Cohoangler,
Historically Willapa Bay produced very few Chinook, and that was when the watershed stream basins were pristine. The dominant species were coho and chum salmon because the habitat was (still is in relative terms) very well suited to them. The current WB plan is fatally flawed in that it intends to have the Willapa River naturally produce a significant self-sustaining run of fall Chinook. In my best estimation that cannot happen. None of the basin watersheds are remotely near pristine. Given the locations where Chinook could and would spawn, redds will be silted in with fine sediments and the eggs and alevins suffocated. The Willapa basin will never recover to the point where it could be a good Chinook producer because the land use foreseeable for the next 100 years is tree farming for timber and agriculture. This assures that potential Chinook habitat is compromised to the point where a self-sustaining run is extremely unlikely.

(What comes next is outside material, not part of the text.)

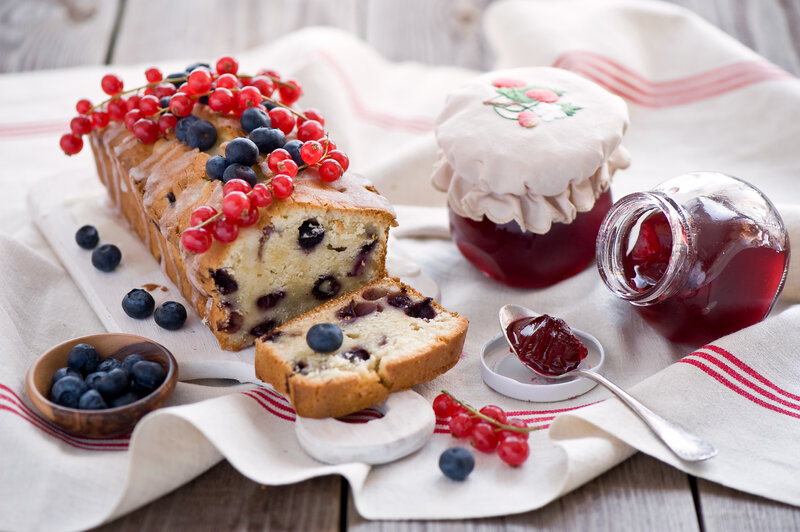 Loaf Cake with Berries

WB could continue to produce natural origin coho and chum salmon for the foreseeable future - although not at anywhere near historical levels - because they spawn and rear in different locations and times that are more compatible with contemporary hydrologic conditions.
And Rivrguy is right about the Naselle. Although its headwaters are also a tree farm, it has stream channel attributes that are slightly to significantly better for natural Chinook production, and certainly better than the Willapa River. So WDFW proposes to move most all the hatchery Chinook production to Naselle, which has been a troublesome hatchery since it opened in 1978. Throwing good money after bad appears central to the WDFW hatchery program.